In 2007, water demand continued to pull away from supply, Cherry Ann Lim notes in “Vision of Thirst.” It continues to do so, but at an accelerating pace. Withdrawals are double what small reservoirs recharge.

For decades, the stark alternatives to overreliance on underground wells were: (a) total collapse of aquifers a la Yemen and Fatehpur Sikri, or (b) draw surface water from outside Metro Cebu.

Former mayor Tomas Osmeña’s three terms offered a window of opportunity to start reversing the slide into disaster. He opted for denial. “What water shortage?” he would dismiss warnings from the Asian Development Bank and the Delft University to the Water Resources Center at San Carlos University.

Osmeña bridged multiplying needs by over pumping depleted aquifers. He signaled ecological policy insolvency by hiring a water diviner. “Lola Choleng is 100-percent accurate,” he told a bothered media and an indifferent electorate.

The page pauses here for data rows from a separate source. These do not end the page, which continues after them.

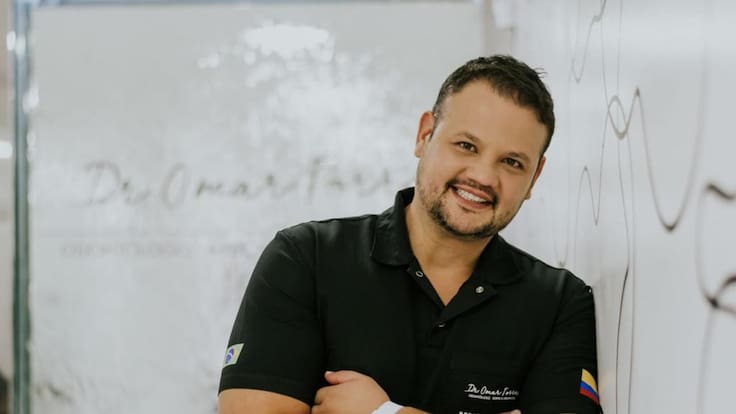 Solución W: Omar Torres donará tratamiento y devolverá la sonrisa a mujer de 53 años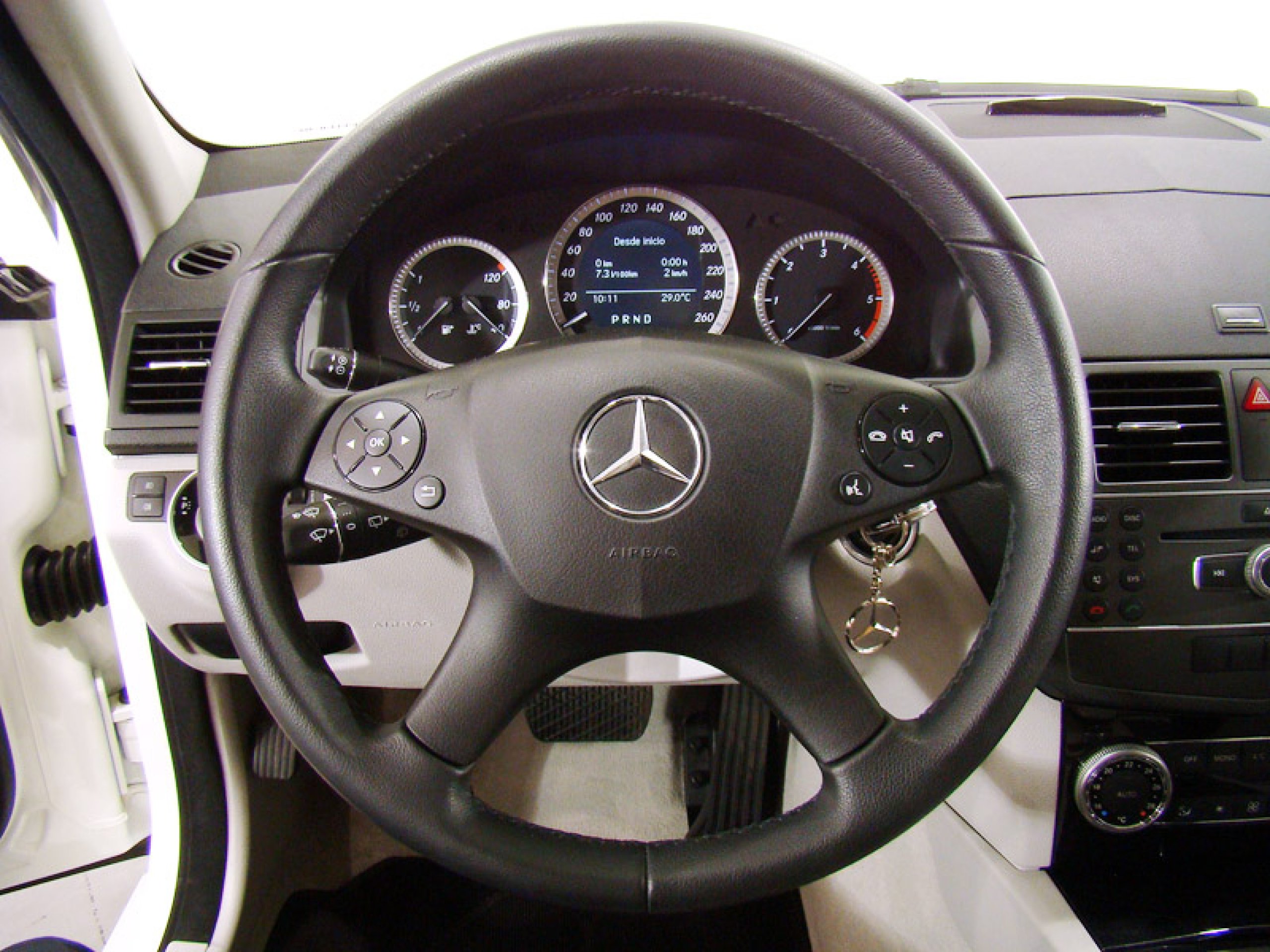 Foto Mercedes-Benz C 220 33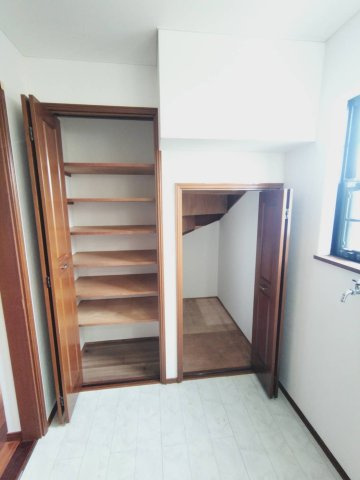 川越市宮元町の中古一戸建の収納|洗面室収納
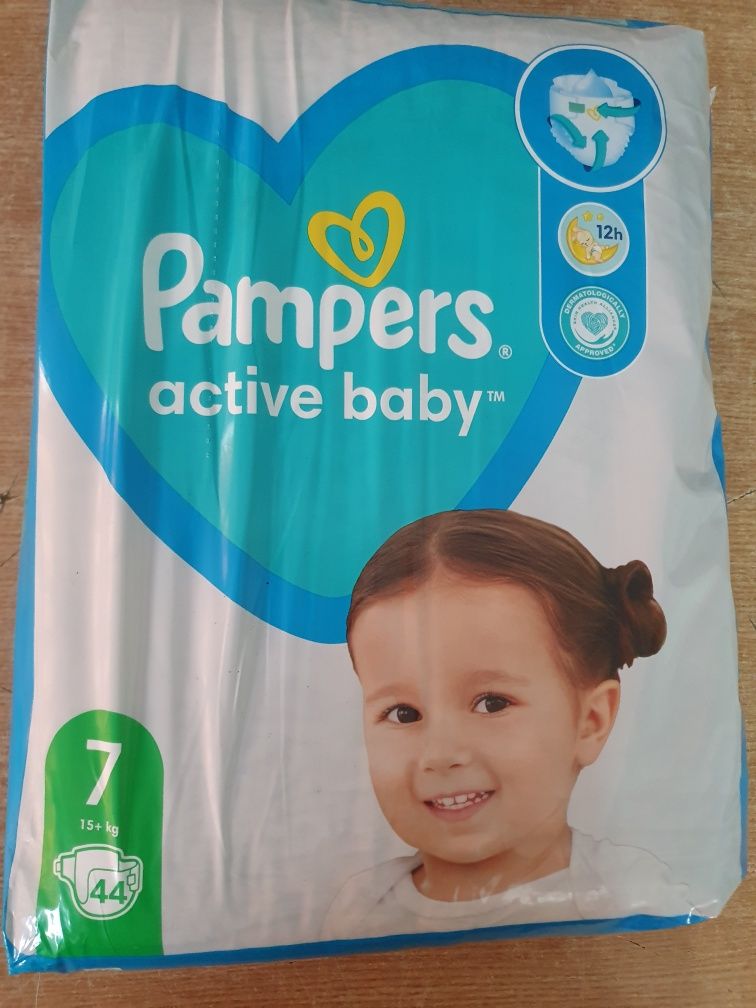 Vând Pampers numărul 7 Active Baby 44 bucati/bax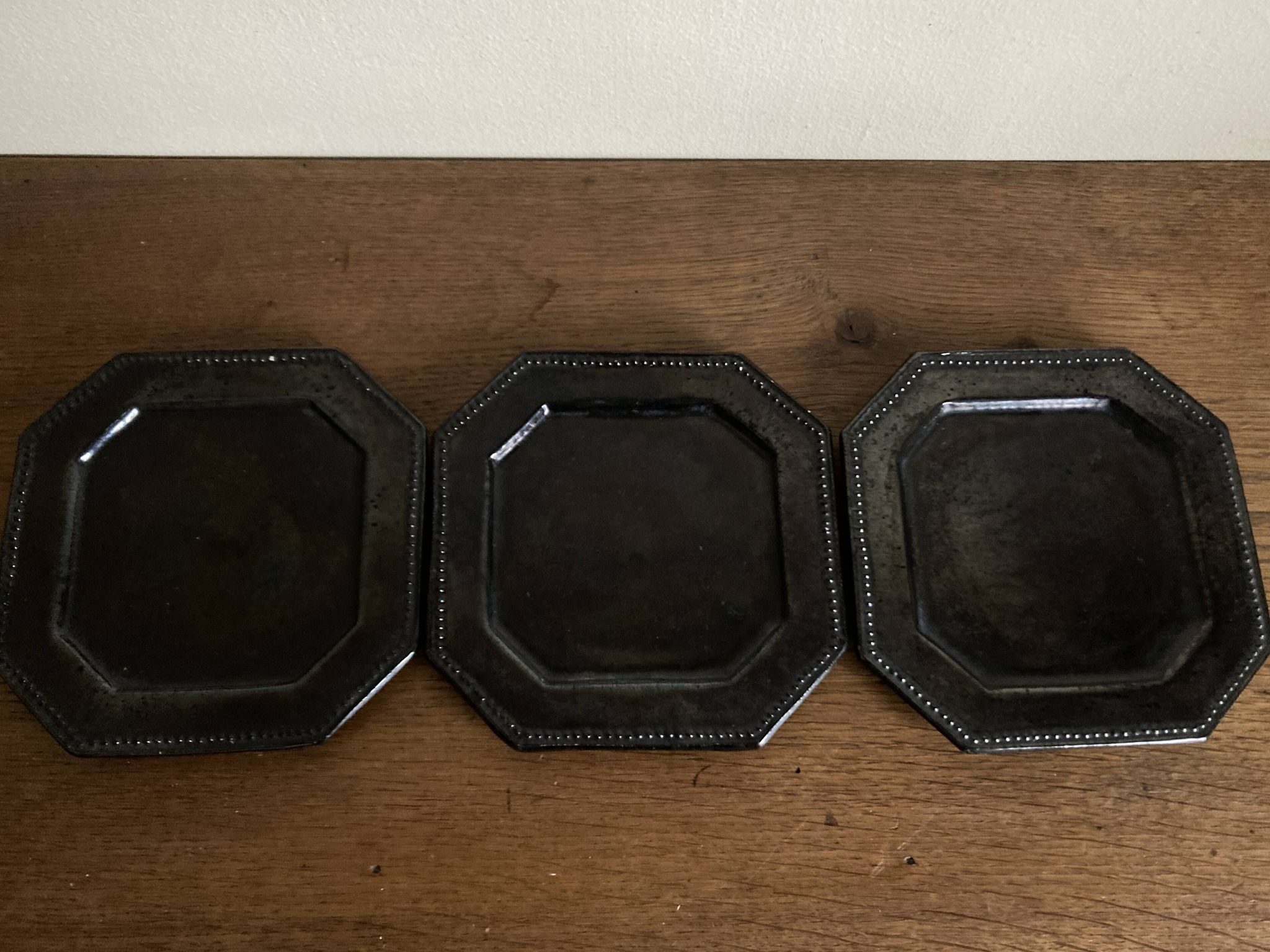 Set de 3 assiettes terre vernissée octogonales perles Biot 1950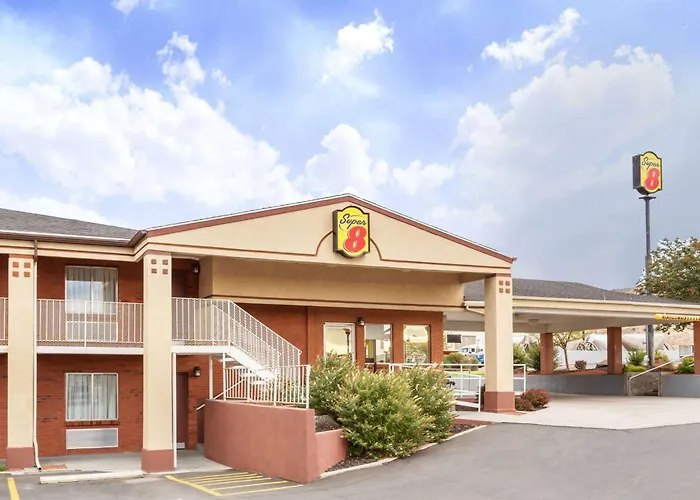 Super 8 By Wyndham Salina/Scenic Hills Area Hotel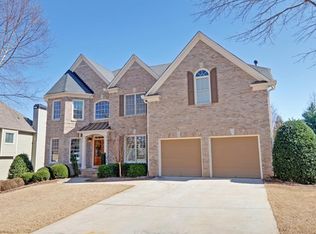 1723 Country Wood Dr, Hoschton, GA 30548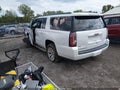 2016 GMC Yukon XL — photo 3 of 17 | VIN 1GKS2GKC5GR190858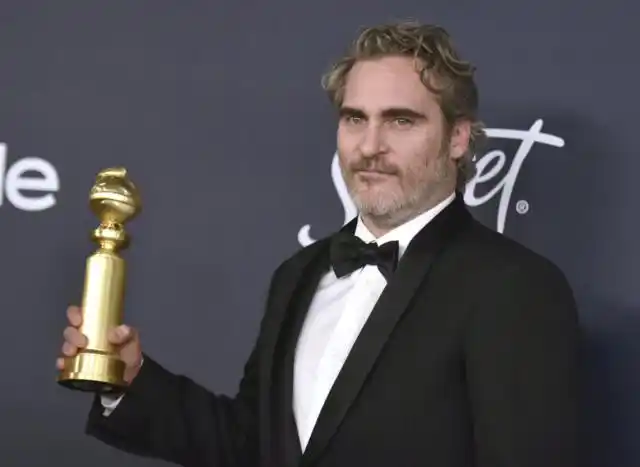 No quiere despilfarrar: Joaquin Phoenix llevará el mismo esmoquin a todos los premios
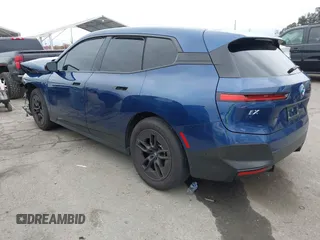 2024 BMW iX xDrive50 z VIN WB523CF05RCN71984, wystawiony jako IAAI lot #41469238 z przebiegiem 45 447 mil mil oraz . Historia ofert i sprzedaży dostępna na DreamBid. Obrazek 3.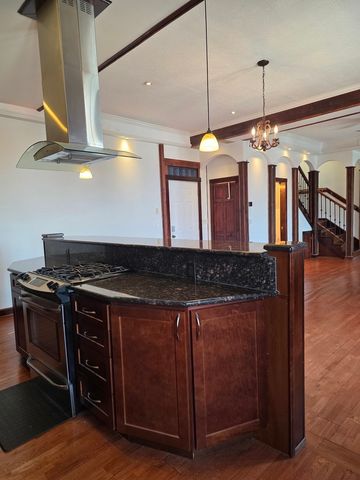 7320 Madison Street 6, Forest Park, IL 60130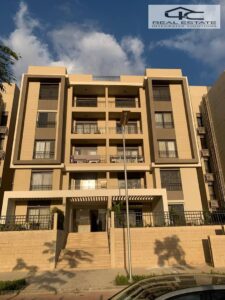 8,650,000 ج.م شقة متشطبه بالكامل واستلام فورى للبيع 3 غرف نوم في كمبوند فيفث سكوير القاهرة الجديدة fifth square في لوكيشن مميز جدا فيو دايركت على لاند سكيب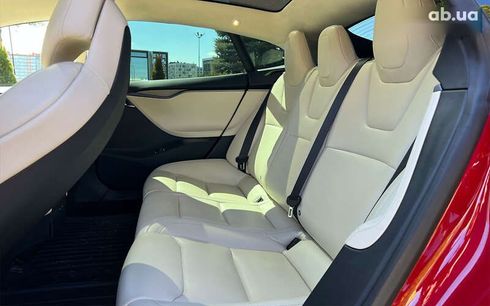 Tesla Model S 2019 - фото 12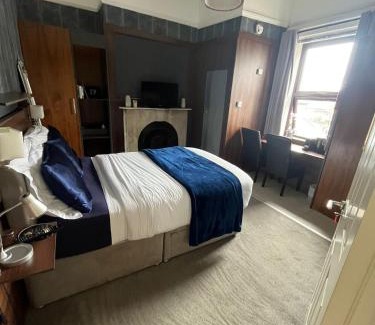 Drumcondra Apartment | Upstairs Studio - Private kitchenette and Small en-suite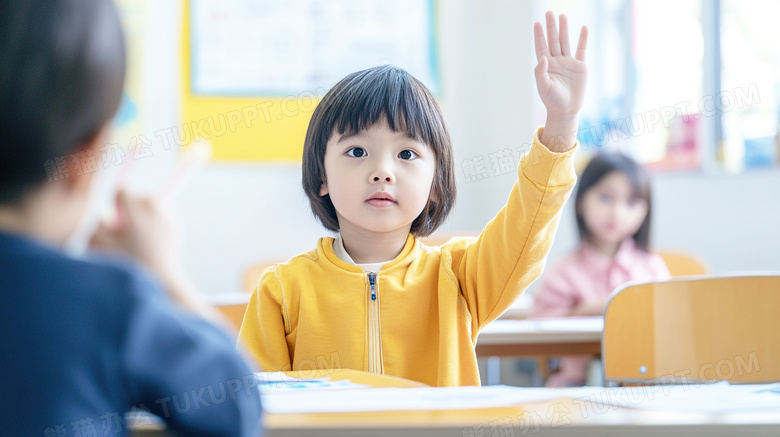 学生举手示意课堂举手回答问题图片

But voodoo didn’t resolve a crisis which he insisted didn’t exist.

Population, industries and commerce shoved Metro Cebu’s borders 40 km south and north. Today, they render obsolete Cebu City’s pretensions to be “first among equals,” or primus inter pares.

“History is a relentless master,” John F. Kennedy said. “It has no present, only the past rushing into the future. To try to hold fast to the past is to be swept aside.”

“We will not be trapped into similar inaction,” then Cebu Gov. Gwendolyn Garcia vowed when she signed the province’s first-ever surface bulk water agreement with Manila Water Consortium’s Gerardo Ablaza.

In this “public-private partnership” project, Capitol put money where its mouth was. It plunked down P49 out of every P100 for the project; the Ayala-led firm put in P51 for every P100 of the cost. But potable water will already be pumped into towns that the pipeline reaches.

Taps have now been opened. Even then, there’d still be a 15-40 percent shortfall in Cebu’s water supply.

Some P35 million was advanced to Carmen town, which is led by Mayor Martin Gerard Villamor. He has safeguarded watersheds and water use
prudently—so far. “Will he shun doles and instead use the windfall to conserve this resource into the future?” Sun Star asked. “Maintain that record and Villamor will tower among Cebu’s leaders day after tomorrow.”

Today’s project started from the first red flags raised, in 1975, by Herman van Engelen of the Water Resources Center. This SVD priest-scientist retired in July 2011, a year before the launch of Cebu’s project. Prophets often yield to those who build on their vision.

Juan L. Mercado was a communication officer for the Food and Agriculture Organization of the United Nations in Bangkok, Thailand. Thereafter, he was posted in FAO headquarters in Rome, Italy, as attaché de cabinet. He wrote for the Inquirer as a regular columnist from February 2004 until December 2014.